March 02, 2012, 11:24 AM — Apple came under fire Wednesday after the New York Times reported a flaw in the iPhone's iOS security that allows any app given the right to access data on the phone was also able to read and send to remote servers the user's entire address book and photo collection.
Today the Times follows up with a story showing Google's Android has an even bigger security hole in its process for managing pictures: Any app that has permission to access the internet – most of them do, if only for updates or patches to their own code – also has permission to access and, if ordered to, send the user's photo collection to a remote server of its (or a hacker's) own choosing.
Android security software maker Lookout confirmed the results "on all devices we've tested," according to quotes in the NYT story from Lookout CTO Kevin Mahaffey.
A Google spokesperson told the NYT that Android's photo-storage rules were originally designed with the assumption users would store photos on removable SD cards.
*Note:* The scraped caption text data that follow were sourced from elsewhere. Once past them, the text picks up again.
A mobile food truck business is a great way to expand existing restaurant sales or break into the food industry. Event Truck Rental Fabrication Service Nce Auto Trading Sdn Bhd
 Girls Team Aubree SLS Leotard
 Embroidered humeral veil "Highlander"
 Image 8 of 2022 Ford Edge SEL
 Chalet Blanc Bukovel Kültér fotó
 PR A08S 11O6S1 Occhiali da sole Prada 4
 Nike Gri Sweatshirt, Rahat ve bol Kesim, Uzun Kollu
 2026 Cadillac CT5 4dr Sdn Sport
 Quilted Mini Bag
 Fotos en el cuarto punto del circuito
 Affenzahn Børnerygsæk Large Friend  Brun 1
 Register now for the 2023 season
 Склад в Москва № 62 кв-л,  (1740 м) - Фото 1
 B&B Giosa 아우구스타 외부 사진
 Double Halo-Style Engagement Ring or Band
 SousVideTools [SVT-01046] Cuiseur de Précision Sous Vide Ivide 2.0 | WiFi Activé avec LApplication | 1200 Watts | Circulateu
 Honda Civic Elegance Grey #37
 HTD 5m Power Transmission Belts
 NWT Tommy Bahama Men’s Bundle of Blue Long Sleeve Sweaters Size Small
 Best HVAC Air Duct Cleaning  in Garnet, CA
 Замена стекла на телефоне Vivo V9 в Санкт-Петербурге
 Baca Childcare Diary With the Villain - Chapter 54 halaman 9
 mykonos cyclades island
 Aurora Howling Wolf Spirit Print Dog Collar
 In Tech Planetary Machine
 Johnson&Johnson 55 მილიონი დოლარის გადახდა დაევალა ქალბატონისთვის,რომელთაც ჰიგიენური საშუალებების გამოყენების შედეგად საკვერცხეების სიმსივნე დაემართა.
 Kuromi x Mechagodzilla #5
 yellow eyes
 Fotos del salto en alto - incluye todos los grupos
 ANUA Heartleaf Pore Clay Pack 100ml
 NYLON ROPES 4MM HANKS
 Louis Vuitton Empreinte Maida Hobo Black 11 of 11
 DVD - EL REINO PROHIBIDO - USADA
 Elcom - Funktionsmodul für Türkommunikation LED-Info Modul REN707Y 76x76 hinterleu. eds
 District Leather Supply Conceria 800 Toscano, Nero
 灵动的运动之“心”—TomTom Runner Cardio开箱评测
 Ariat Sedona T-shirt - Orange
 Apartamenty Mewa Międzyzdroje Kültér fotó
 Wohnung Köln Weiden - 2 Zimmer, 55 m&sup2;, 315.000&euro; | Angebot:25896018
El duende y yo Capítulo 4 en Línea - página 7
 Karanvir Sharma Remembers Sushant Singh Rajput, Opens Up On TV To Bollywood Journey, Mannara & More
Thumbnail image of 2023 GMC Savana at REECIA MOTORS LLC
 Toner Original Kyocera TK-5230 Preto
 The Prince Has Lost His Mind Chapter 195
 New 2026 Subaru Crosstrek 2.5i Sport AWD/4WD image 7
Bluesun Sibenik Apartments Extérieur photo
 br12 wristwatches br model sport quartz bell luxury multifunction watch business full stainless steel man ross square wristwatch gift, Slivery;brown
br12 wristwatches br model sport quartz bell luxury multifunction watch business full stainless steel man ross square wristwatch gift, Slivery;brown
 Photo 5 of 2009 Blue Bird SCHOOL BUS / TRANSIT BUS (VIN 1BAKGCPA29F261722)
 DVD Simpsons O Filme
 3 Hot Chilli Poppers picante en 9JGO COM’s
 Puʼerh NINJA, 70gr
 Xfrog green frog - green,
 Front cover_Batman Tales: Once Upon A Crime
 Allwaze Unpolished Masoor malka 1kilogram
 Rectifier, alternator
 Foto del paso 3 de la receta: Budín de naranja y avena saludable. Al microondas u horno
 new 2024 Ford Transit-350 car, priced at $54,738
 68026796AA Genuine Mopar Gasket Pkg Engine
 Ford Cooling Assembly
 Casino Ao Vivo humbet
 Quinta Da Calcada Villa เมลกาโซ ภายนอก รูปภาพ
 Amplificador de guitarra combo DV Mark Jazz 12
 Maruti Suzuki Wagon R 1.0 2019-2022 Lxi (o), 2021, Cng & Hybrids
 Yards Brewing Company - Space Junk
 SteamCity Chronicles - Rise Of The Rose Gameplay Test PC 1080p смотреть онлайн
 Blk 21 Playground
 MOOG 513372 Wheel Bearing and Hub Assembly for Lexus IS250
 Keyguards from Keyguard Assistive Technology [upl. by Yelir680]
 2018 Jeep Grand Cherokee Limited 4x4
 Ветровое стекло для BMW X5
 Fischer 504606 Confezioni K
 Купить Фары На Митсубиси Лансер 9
Android photo permissions are structured to make it easier for users to switch SD cards between phones and laptops or other devices without producing errors stemming from the conflict of Android and Windows security.
"As phones and tablets have evolved to rely more on built-in, nonremovable memory, we’re taking another look at this and considering adding a permission for apps to access images. We’ve always had policies in place to remove any apps on Android Market that improperly access your data," the Google spokesperson's email to the NYT read.
That's a relief, or would be if I weren't an Android user who occasionally downloads new apps from the Android Market. Removing "offending" apps that obey access rules laid down by Google in the first place makes complete sense.
Certainly it's a more elegant solution than rewriting Android's security structure to reverse its polarity – switching it from a firewall that's mostly holes to one that's mostly firewall.